Outpatient Physical Therapy

On your first outpatient visit, your physical or occupational therapist will want to gather some more information about the history of your condition. You may be given a questionnaire that helps you tell about the day-to-day problems you are having now that you've had surgery. The information you give will help measure the success of your treatment. You may also be asked to rate your pain on a scale of one to ten. This will help your therapist gauge how much pain you have now and how your pain changes once you've had treatment. Your therapist will probably ask some more questions about your condition to begin zeroing in on the location of your pain and to know what will be needed to help relieve it:

  • How is your pain since having surgery?
  • Where do you feel the pain now?
  • What makes the pain better or worse?
  • How do your symptoms affect your daily activities?
  • Do you have pain in your arm or neck?
  • Do you have swelling?
  • Do you have any numbness or tingling?
Physical Therapy Evaluation Once all this information has been gathered, your shoulder will be evaluated.

Posture: Your therapist will begin by checking your overall posture, including your neck and upper back alignment as well as the position of your collarbone and shoulder blade. If there are any problems in alignment, they will be addressed as part of your total rehabilitation program.

Observation: Your incision will be examined to see if it is clean and that healing of the surgical area is underway. Your therapist will also look to see if there is any swelling, bruising, or muscle wasting in or around the shoulder joint.

Range of motion (ROM): Next, your therapist will check the ROM in your shoulder. In these early stages, the movements will be passive, in which only the therapist moves the arm. In general, the movements that will be measured include arm raising (flexion), and the inward and outward movements (internal/external rotation). Your therapist may also want to get an idea of how other joints around the shoulder are moving. Joints that may be examined include the shoulder blade, collarbone, neck and elbow. Your ROM is written down to compare how much improvement you are making with the treatments.

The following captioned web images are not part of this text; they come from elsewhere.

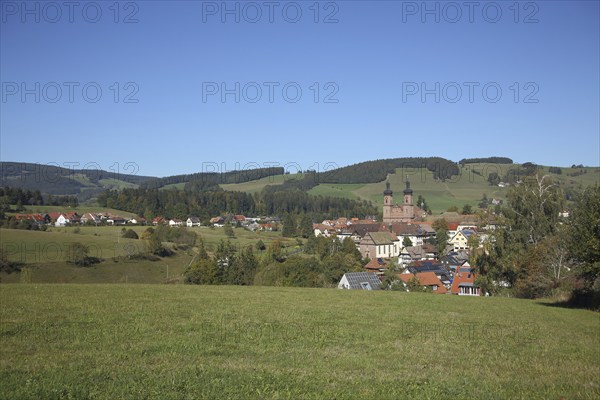 View of St. Peter in the Upper Black Forest, St., Church, Landscape, Southern Black Forest, Black Forest, Baden-Württemberg, Germany, Europe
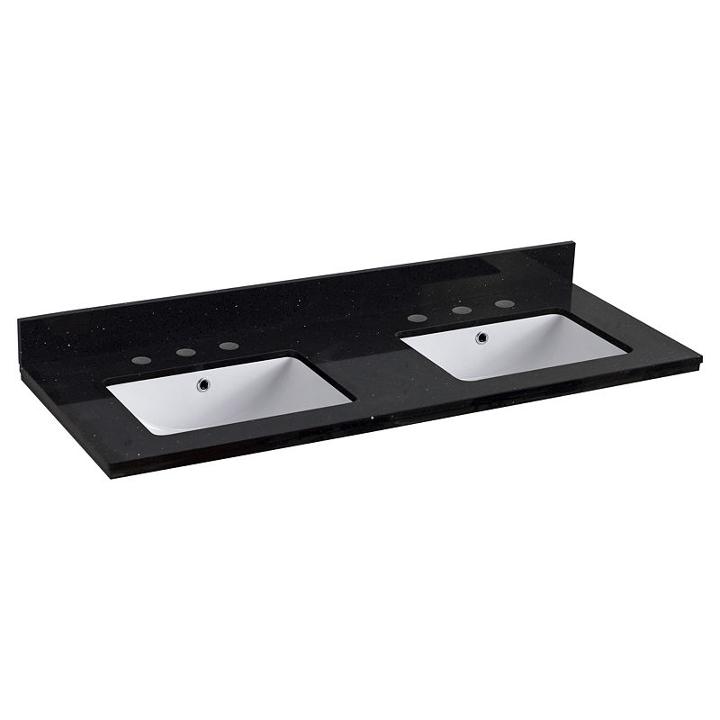 47.5-in. W 18.25-in. D Quartz Top With Backsplashin Black Galaxy Color For 3h8-in. Faucet - White Um Sink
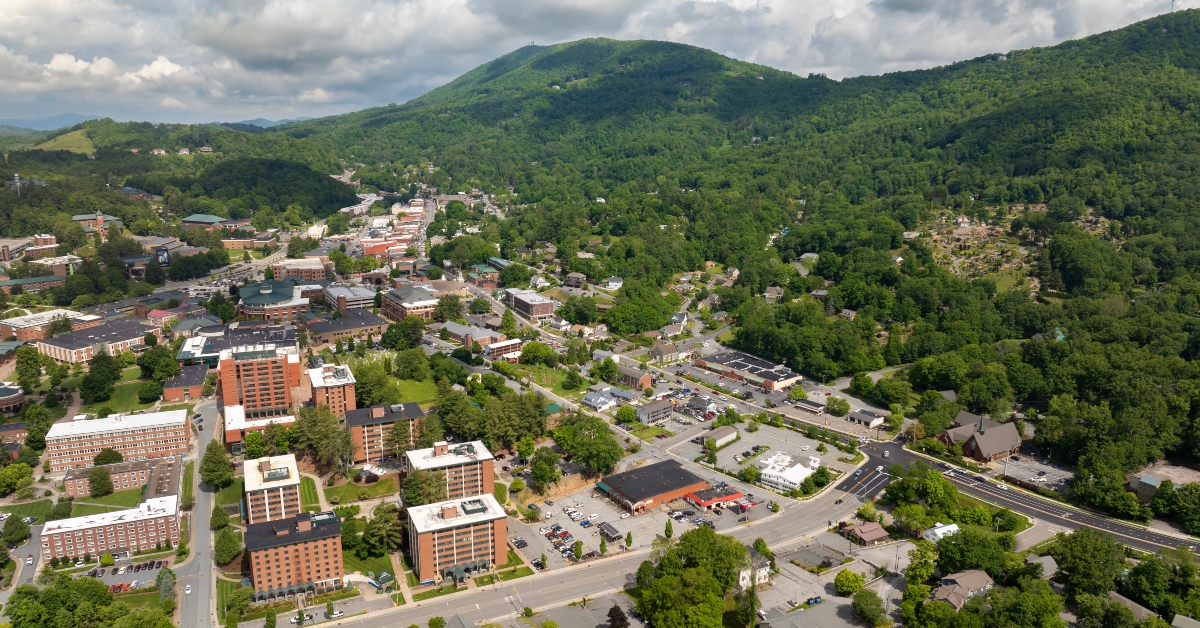 Historical American town in Appalachian Blue Ridge Mountains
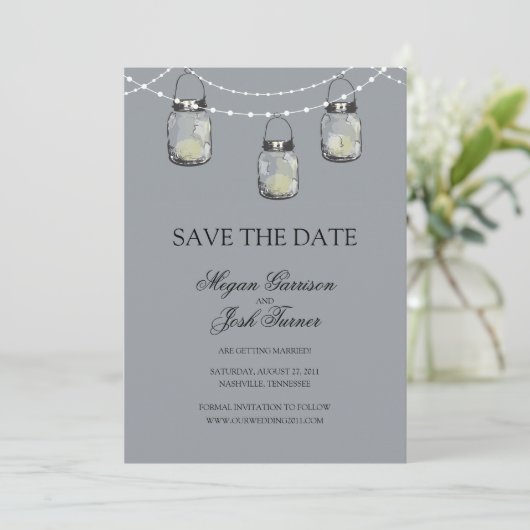 3 Hangen Mason Jars - BEWAAR DE DATUM Save The Date (Staand voorkant)
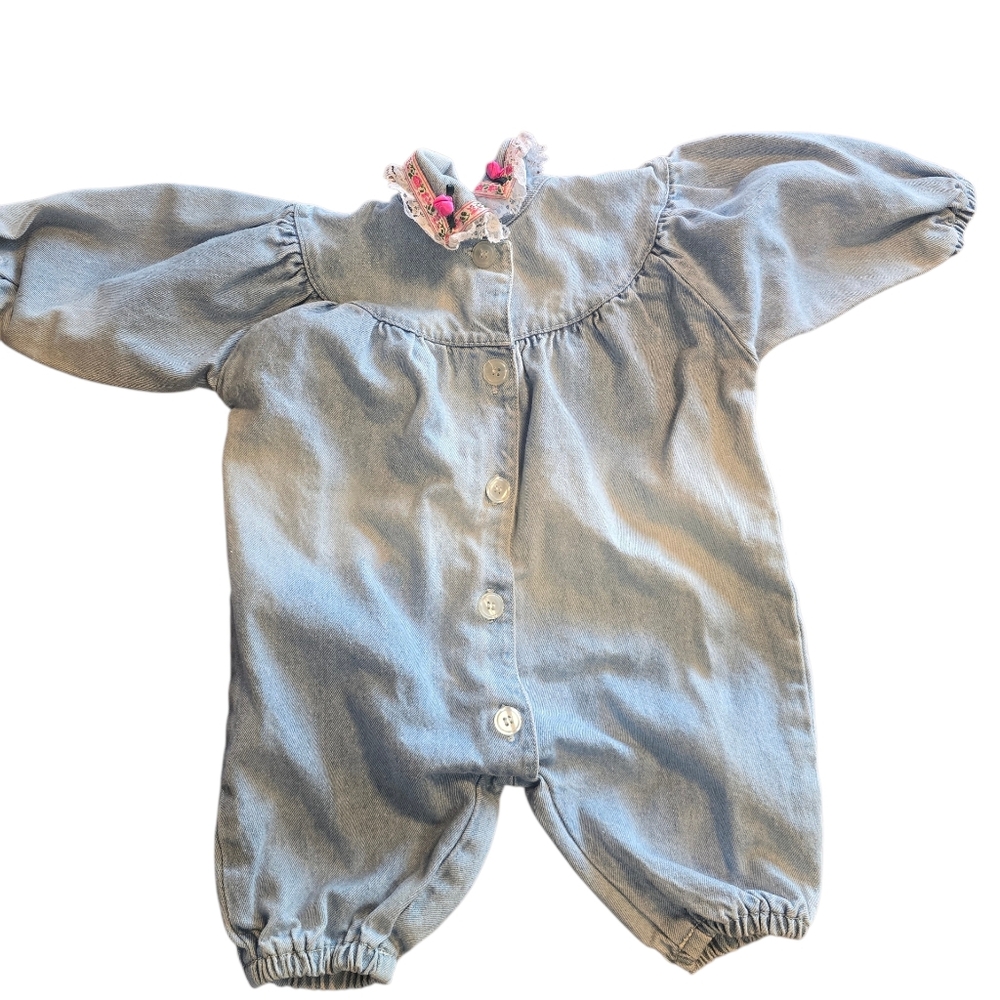 Jet Set Vintage Baby Denim Romper 6 Month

Strength: Your therapist will probably not test the strength of your shoulder muscles in the early weeks of therapy. These tests are generally avoided early on to avoid placing stress on the healing tissues. Once healing is well underway, however, your strength will be measured in the shoulder and surrounding muscles. Weakness in key muscles of the chest, upper back, and arm will be addressed with a progressive strengthening program. Trained muscles will help control your new shoulder joint, which eases pain and keeps the joint healthy for as long as possible.

Manual examination: You may be given a manual examination of the muscles and joints of the shoulder. Your therapist will carefully move your shoulder in different positions to make sure that each joint around the shoulder is moving smoothly. Your therapist will also look at the flexibility of the muscles and tendons around your shoulder.

Palpation: The evaluation usually ends with palpation. Palpation is when your therapist feels the soft tissues around the joint. This is done to check the skin for changes in temperature, areas of soreness, and whether you have swelling. Palpation is also done to find whether there are tender points or spasm in the muscles around the shoulder.

Treatment plan: Once the examination is done, your therapist will put together a treatment plan. The treatment plan lists the types of treatments that will be used for your condition. It gives an indication of how many visits you will need and how long you may need therapy. It also includes the goals that you and your therapist think will be the most helpful for getting your activities done safely and with the least amount of soreness. Finally, it will include a prognosis, which is how your therapist feels the treatment will help you improve.